The passage of the constitution had been championed by Chile’s president Gabriel Boric, elected in December of 2021 over the far-right candidate José Antonio Kast, an open admirer of former Chilean dictator Augusto Pinochet. Boric emerged as a leader of student protests a decade earlier against a privatized education system, a legacy of the Pinochet era. At thirty-six, he became the country’s youngest-ever president. His Social Convergence party forms a piece of the Approve Dignity (Apruebo Dignidad) coalition of left-wing parties and organizations that came together to support the new constitution. But he assumed office during a turbulent time, with Chile experiencing inflation, rising crime rates, and an influx of migration from Venezuela that had inflamed anti-immigrant sentiment. When his popularity dropped, Boric’s visible support of the constitution allowed Chileans unhappy with his administration to express their disapproval by voting to reject. The night of the defeat, he struck a conciliatory tone, granting that the country had made a “strong and clear” choice, but vowing to begin the process anew and to include populations who had felt themselves left out. The mandate from the 2020 plebiscite to create a new charter lived on, even if the means to fulfill it were now hazier.
Lucas Cifuentes, a national director of the Libertarian Left party (Izquierda Libertaria), believes that even the constitution’s opponents recognize that Chilean society remains a “boiling pot,” its crises unresolved, and thus recognize the need for reforms to reduce the pressure. “No matter what,” predicts Cifuentes, “there are going to be changes to health care, to education, to the pension system.
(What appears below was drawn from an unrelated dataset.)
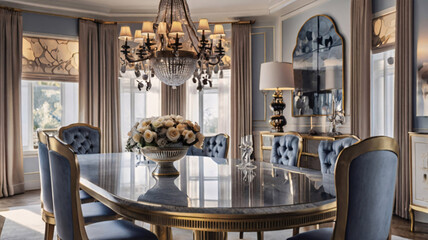 Elegant Luxury Dining Room with Opulent Details, modern, furniture, wooden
But the question is the depth, the real impact, and that’s what we’ll be looking at attentively to see what happens.” Yet if indeed a new convention comes to pass, it will look different from the first. In the October 2020 plebiscite authorizing the new convention, Chileans also voted on the form the convention would take. They opted to sideline federal officials and directly elect the constituents who would write the document. Now, instead, Congress will almost certainly become central participants in the process. “All of the uprising, the process of the constitutional convention was in good measure an anti-elite protest,” says Cifuentes, “and now the elite is going to create the new constitution.”
The Chilean elite had already reinserted themselves into the constitutional process via a national press dominated by right-wing outlets. Many were the worries about the impacts of “fake news” on this plebiscite, which indeed shaped occasionally outlandish fears—that, for instance, the new constitution would change the flag and national anthem, and would enact seizures of private property, from residences to pensions. But an antagonistic press likewise eroded support for the document over the life of the convention and the months of decision afterwards. “A structural problem of our politics is that the agenda, the capacity to impose an agenda and themes that define what’s discussed publicly—the rich have that one hundred percent,” says Cifuentes. “In Chile there was more diversity, more media pluralism during the dictatorship than in democracy. It makes for a managed politics.”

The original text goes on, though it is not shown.